I lied to you workforce. I’m sorry. I told you I was taking allergy medicine and it is making me loopy. And it was making me spacey and making my voice crack and making me sound stuffed up. And the reason I sound so bummed out and sad is becuz I have some new allergy and the meds are making me weepy and lethargic. All lies. The truth is, that’s my heart above. It broke. (actually, someone ripped it out of my chest cavity and threw it on the I-10 where it was run over and smashed into tiny little peices, that’s what it feels like anyways) And although I would very much like to numb the pain, I won’t. I’m not ‘on’ anything. Just sadness. I wonder if when I’m out in public, can people tell my heart is broke? is it noticable? It would be nice if a stranger came up to me and said-”you look sad, it’ll be ok”. Actually, if that did really happen, I’d prob tell that person to eff off cuz god forbid strangers are nice to eachother. Anyway, I degress…….
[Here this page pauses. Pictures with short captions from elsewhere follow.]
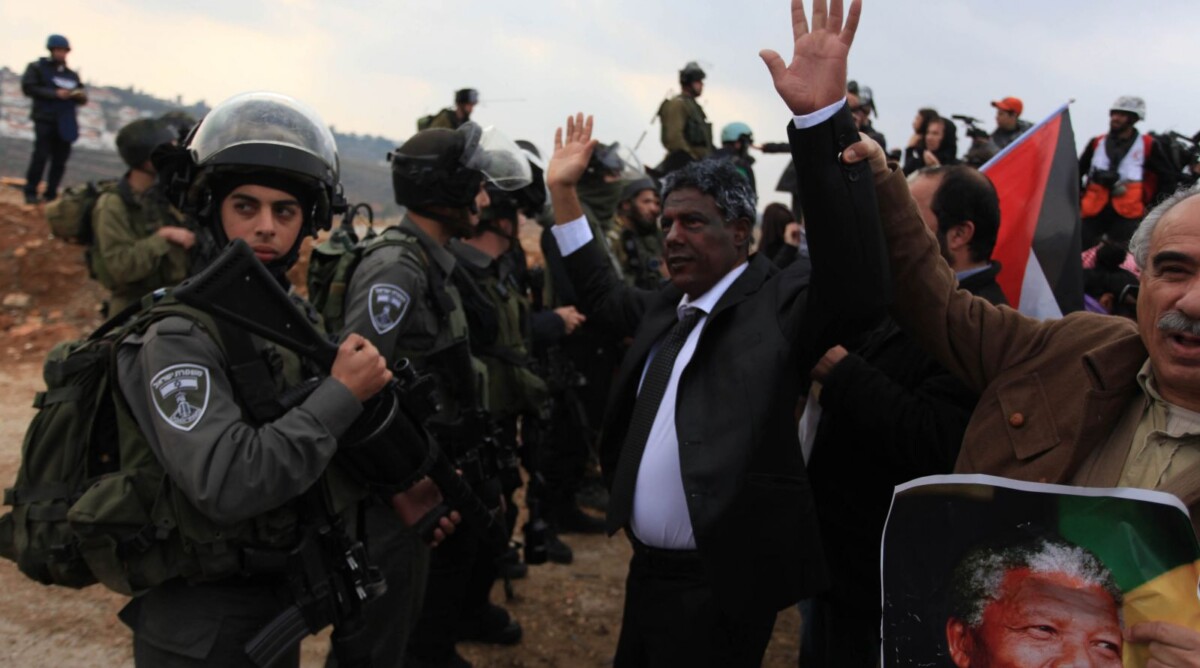 פלסטיני מחופש לנלסון מנדלה, בהפגנת מחאה נגד בניית התנחלות בגדה המערבית. 7.12.13 (צילום: עיסאם רימאווי)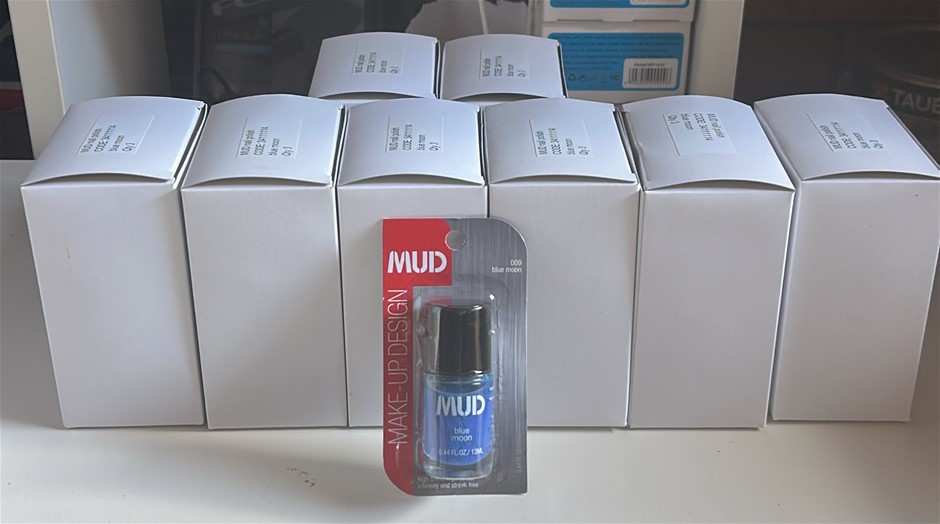 24x MUD Nail Polish (Blue Moon)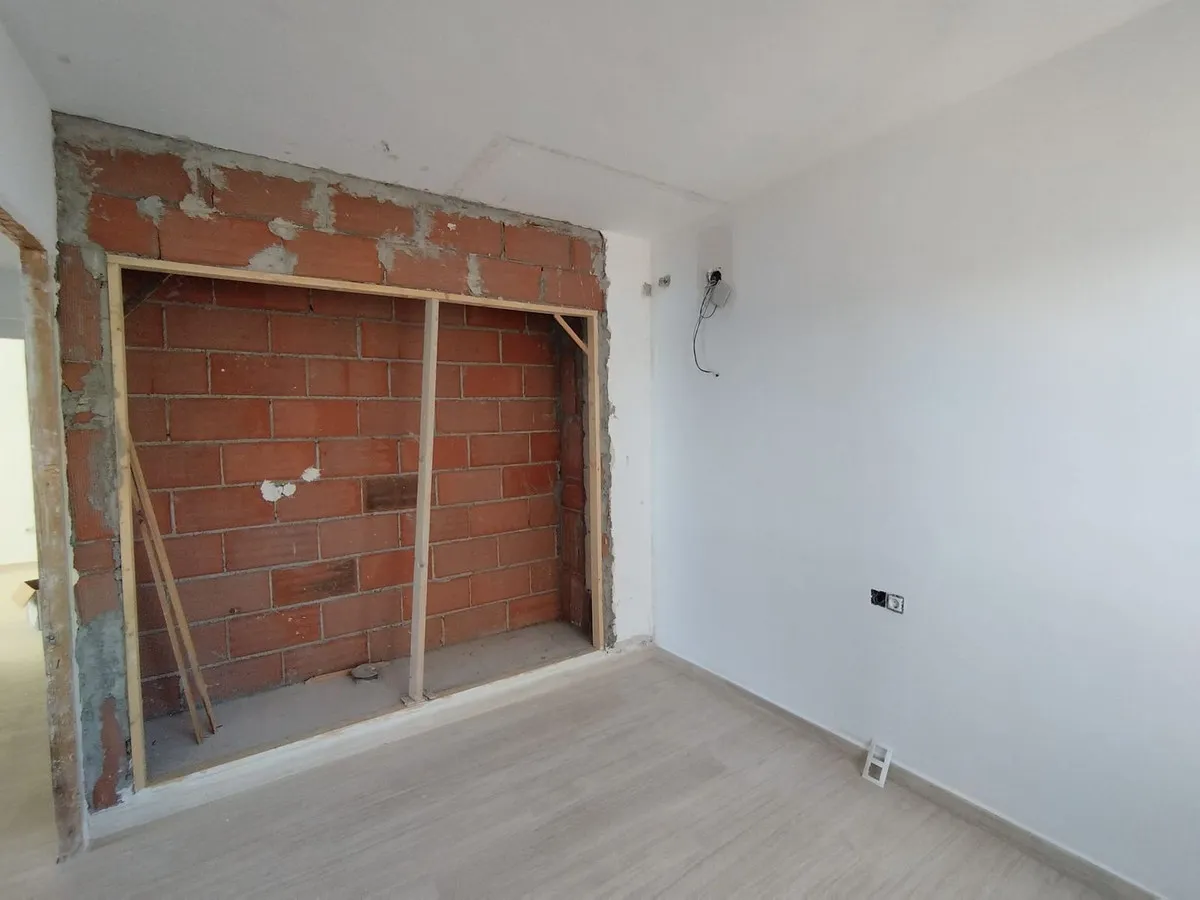 0aeda69e-c94c-4e99-aedc-e786e3bc3fc3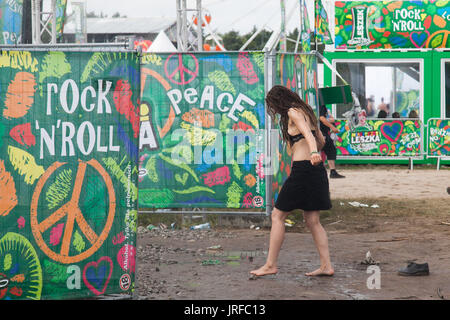 Kostrzyn nad Odra, Pologne 4 août 2017 Pologne Festival de Woodstock est le plus grand festival de musique en Pologne. Chaque année environ 200 Nowy attire 1 000 personnes. Magda Pasiewicz/Alamy Live News Banque D'Images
Bare with me. I’ll snap out of it. Maybe. I dunno. Not gonna lie. This really effin sucks. Thankfully I have yall to make me smile everyday on the airwaves.
And I hope he has a really bad disease in his middle parts….just kidding….not really…….


I hope this all fake of course
Comment by lindsay — June 17, 2008 @ 3:50 pm
nope. not fake. I wouldn’t do that. all true. (this is from KAT fyi, even though Mitch’s name is attached. it’s me)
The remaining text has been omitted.